Es ist beileibe nicht das erste Mal, dass der Papst öffentlich seine Verbundenheit mit der globalistischen Agenda signalisiert. Bereits im Dezember 2020 verwendete Franziskus die Phrase „Build back better“, den Slogan, der zum Synonym für die globalistische Politik geworden ist. Die Phrase war der Name von Joe Bidens Website nach der Wahl (BuildBackBetter.gov), auf der er behauptete, „die amerikanische Führung wiederherzustellen.“

Kurz darauf schloss er sich mit Unternehmen auf der ganzen Welt zusammen, um für ein neues „Wirtschaftssystem“ des Kapitalismus zu werben, das im Einklang mit den Sustainable Development Goals steht, trotz ihrer Verbindung zur Abtreibung und seinem eigenen Aufruf zu einem einfachen, sparsamen Leben.

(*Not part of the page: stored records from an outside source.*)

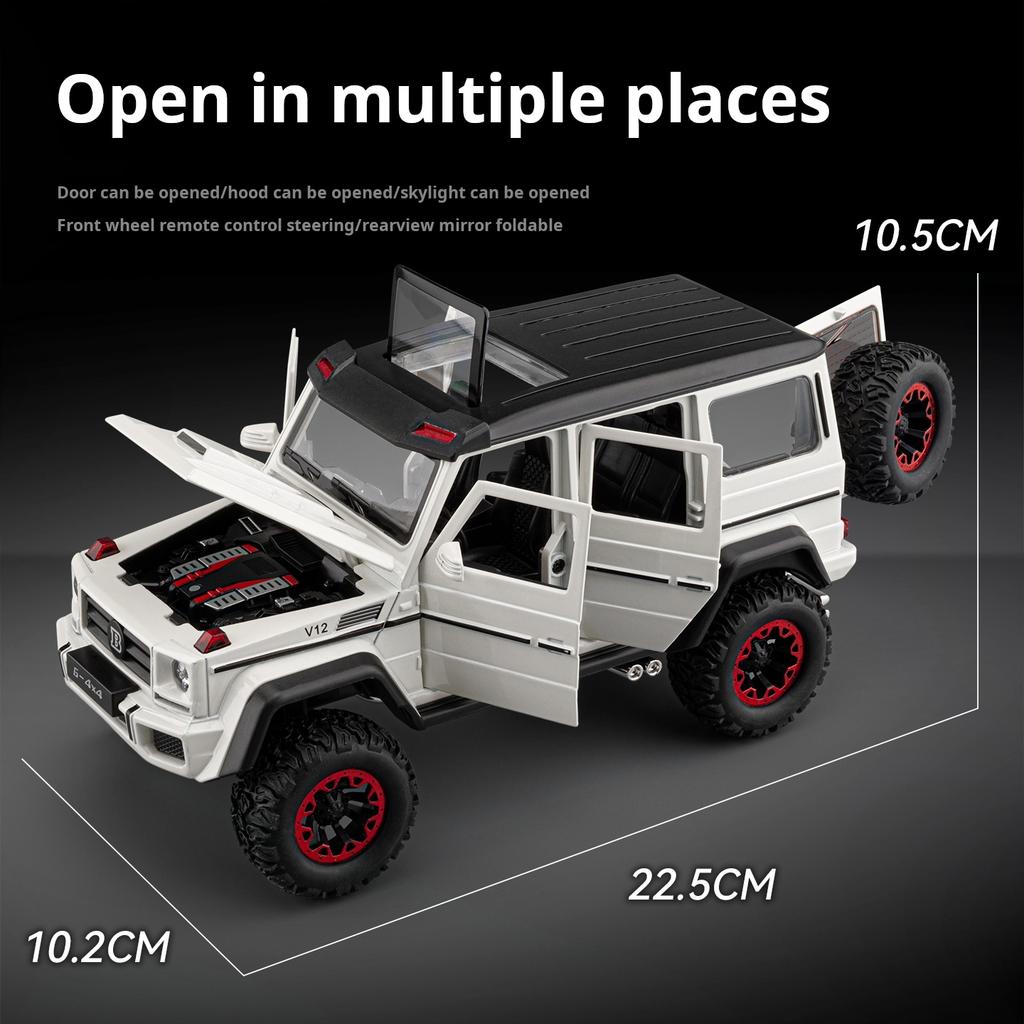 CTEJP1 Official authorized 1:24 Mercedes-benz G500 alloy Multi-directional remote control car Exquisite Toy car boys Gift  collectibles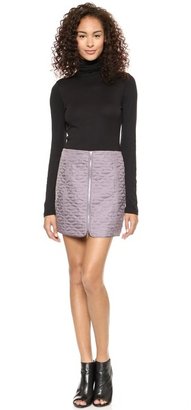 Rebecca Taylor Quilted Miniskirt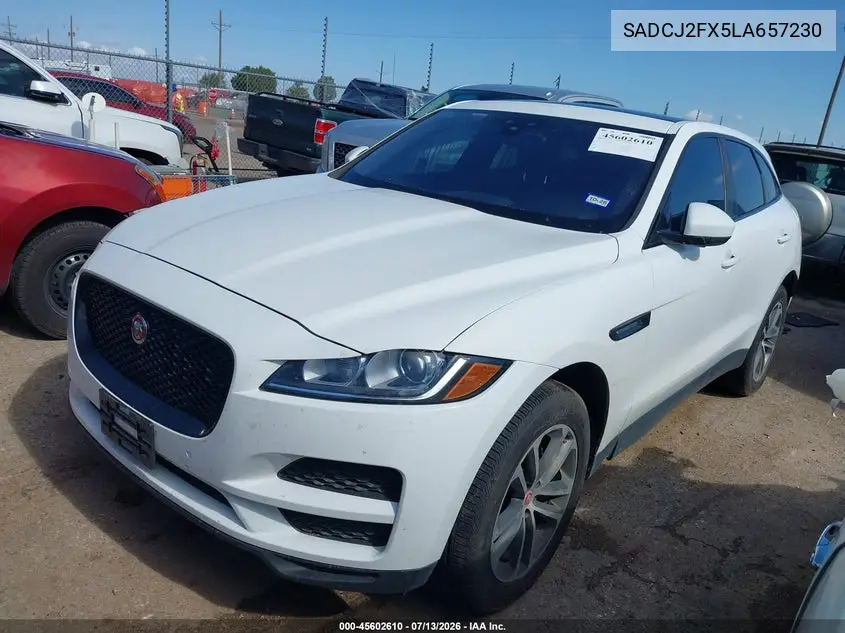 2020 Jaguar F-Pace Premium P250 Awd Automatic VIN: SADCJ2FX5LA657230 Lot: 45602610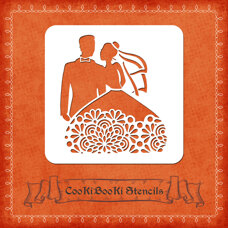 Silicone Stencil - Wedding Theme No. 001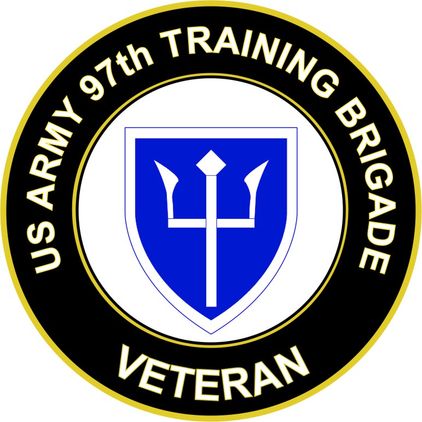 U.S. Army Veteran 97th Training Brigade Decal Sticker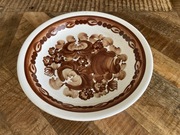 Talerz głęboki z fajansu Włocławek PRL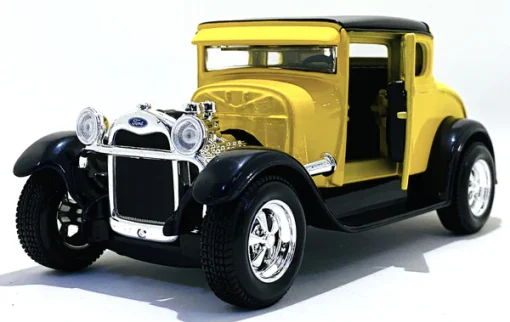 Maisto 1/24 Scale Yellow 1929 Ford Model A - Image 3
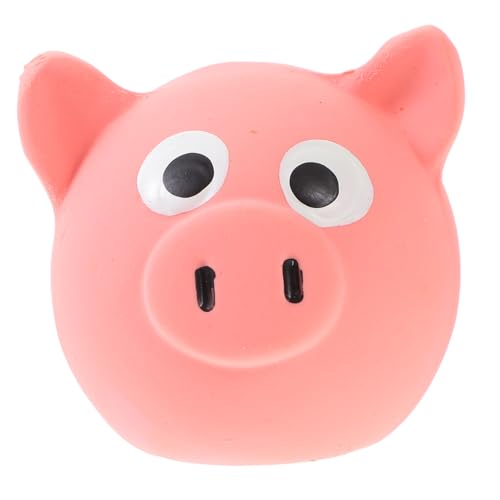 SOIMISS Sprachschweinkopfspielzeug kaut Schweinespielzeug für Hund Welpenspielzeug Zahnen Karikatur Kauen Haustier -Kauspielzeug für Haustiere Schweinehundespielzeug Emulsion SOIMISS Sprachschweinkopfspielzeug kaut Schweinespielzeug für Hund Welpenspielzeug Zahnen Karikatur Kauen Haustier -Kauspielzeug für Haustiere Schweinehundespielzeug Emulsion von SOIMISS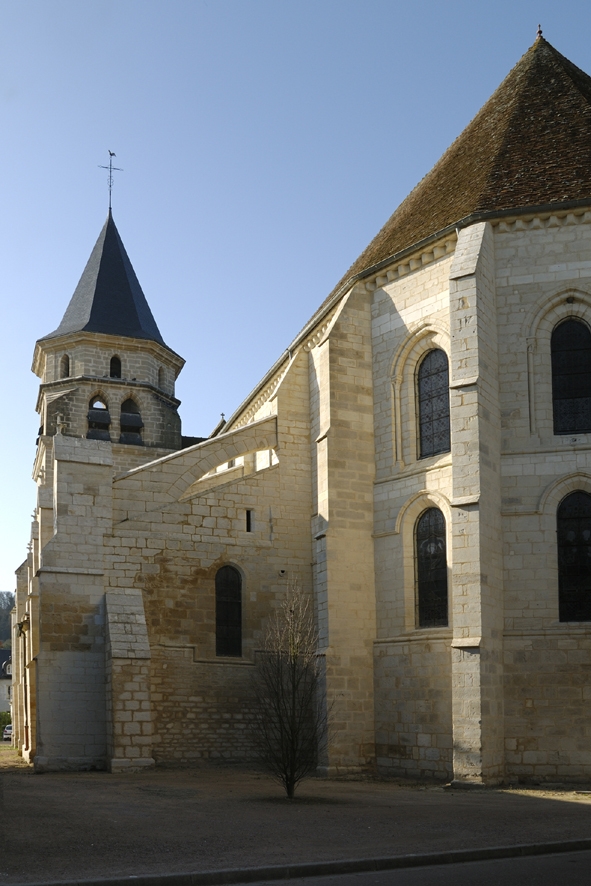 Collégiale St-Marcel Abside - Prémery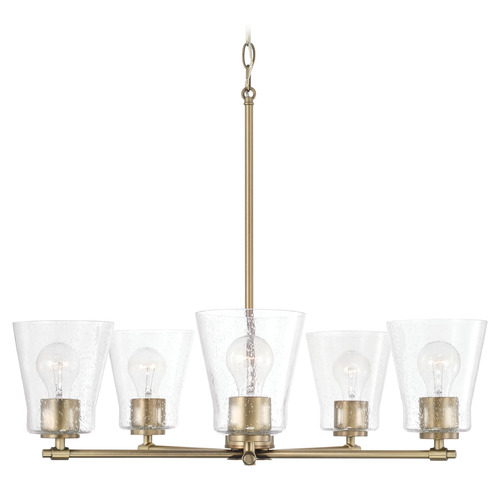 HomePlace by Capital Lighting Baker 27-Inch Chandelier in Aged Brass by HomePlace by Capital Lighting 446951AD-533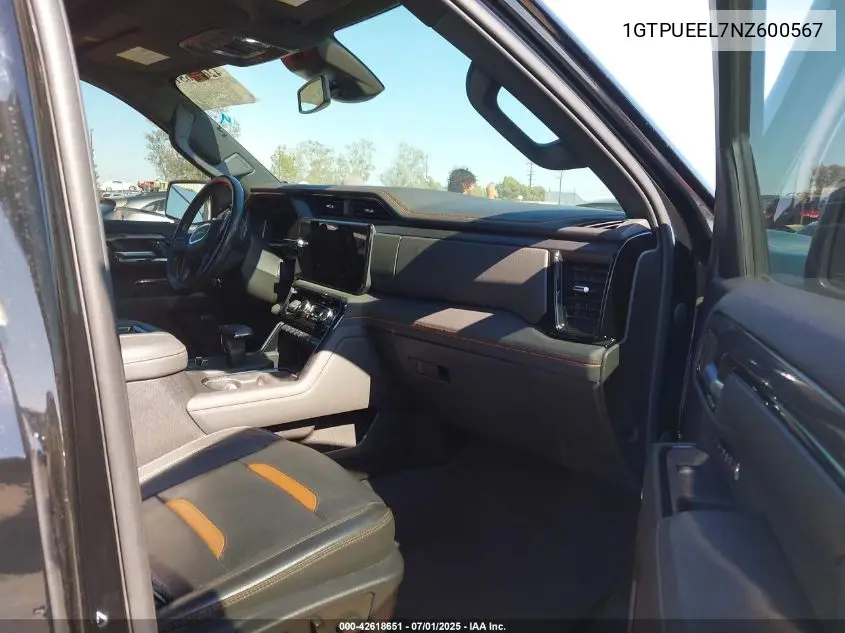 1GTPUEEL7NZ600567 2022 GMC Sierra 1500 4Wd Short Box At4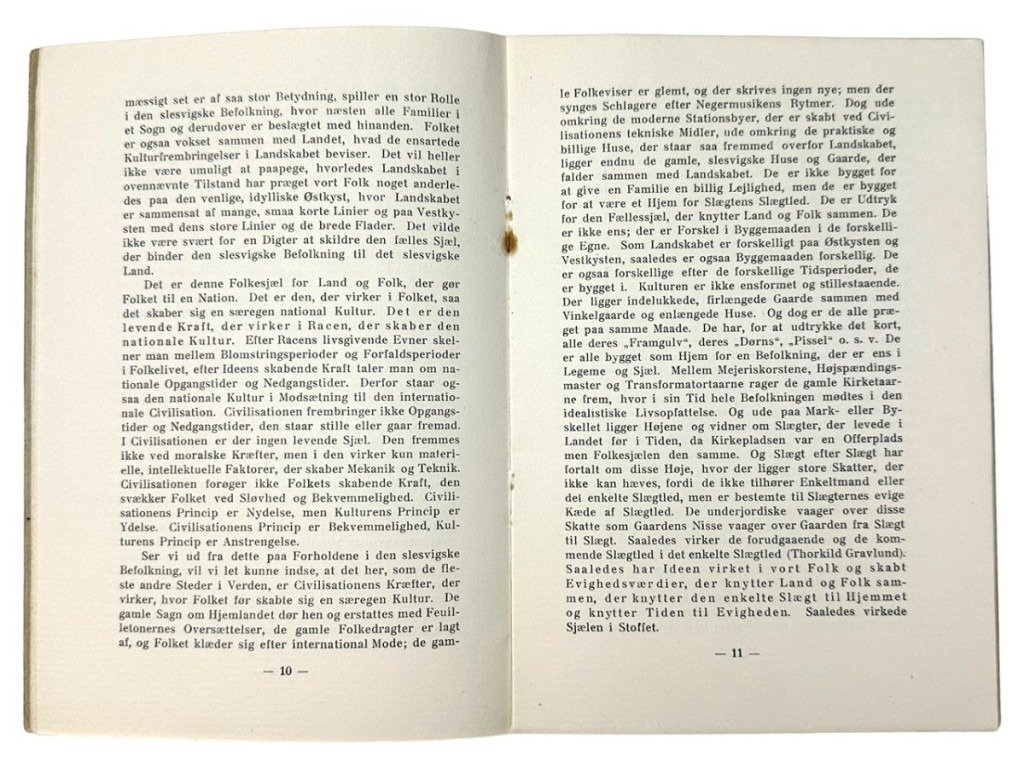 Original Early 1933 DNSAP brochure 'Slesvigske spørgsmål' — image 9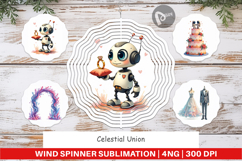 Celestial Union Sci-Fi Wind Spinner Product Image 1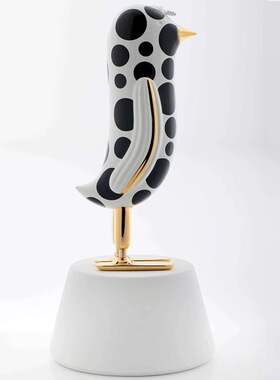 【官方正品】意大利BOSA Hopebird希望鸟陶瓷金色雕塑装饰品摆件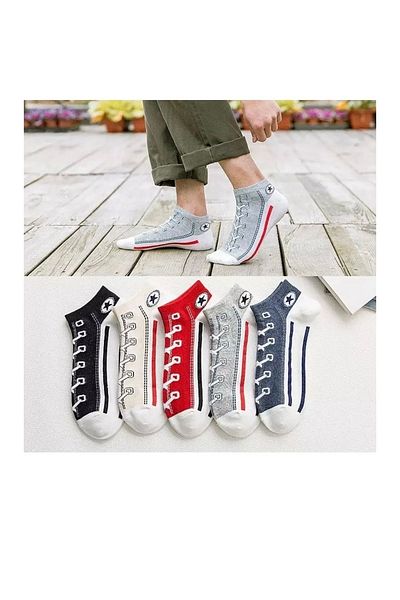 REYNBOO SOCKS 5 чифта унисекс ботуши с цветни шарки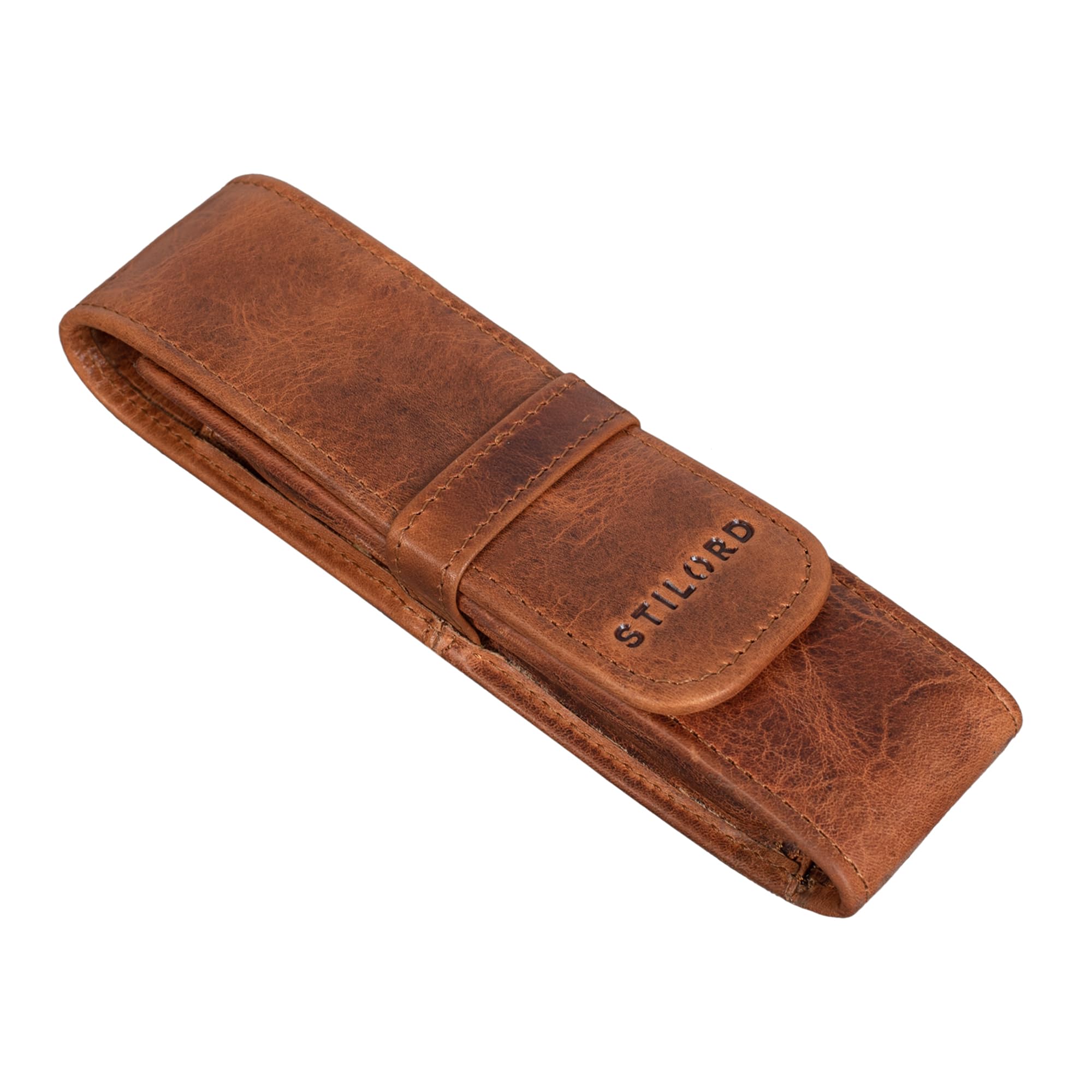 Astuccio In Vera Pelle Londo - Portapenne O Cosmetici Con Cerniera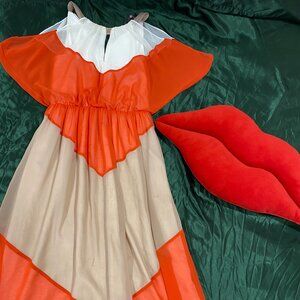 Orange and Cream Vince Camuto Evening Gown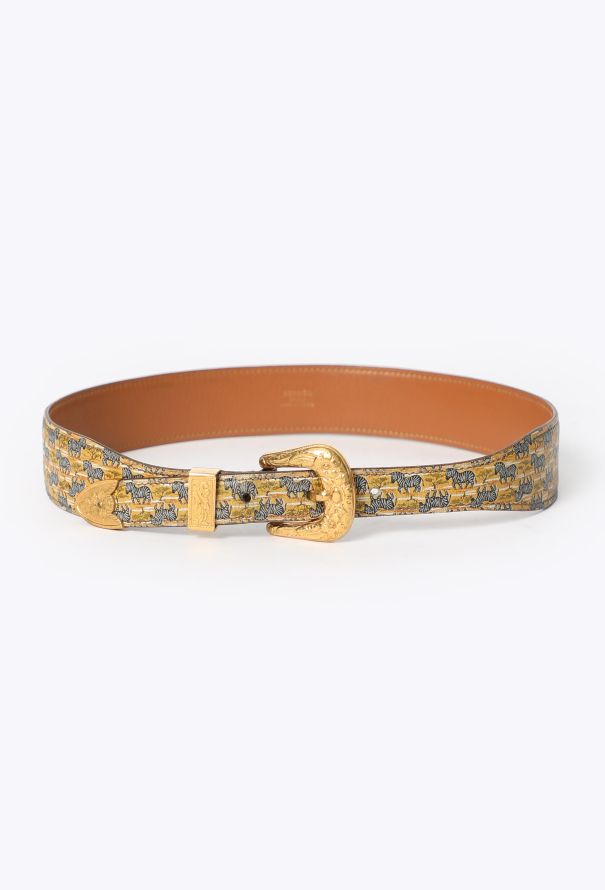 Hermès RARE 1988 Zebra Gilded Belt - 1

Darauf folgte eine Partnerschaft zwischen dem Vatikan und der UNO, in der der Papst wieder einmal seine globalistischen Tendenzen zeigte, indem er Bildung über „nachhaltige Lebensstile“, „Gleichberechtigung der Geschlechter“ und „globale Bürgerschaft“ förderte, jedoch jede Erwähnung des katholischen Glaubens vermied.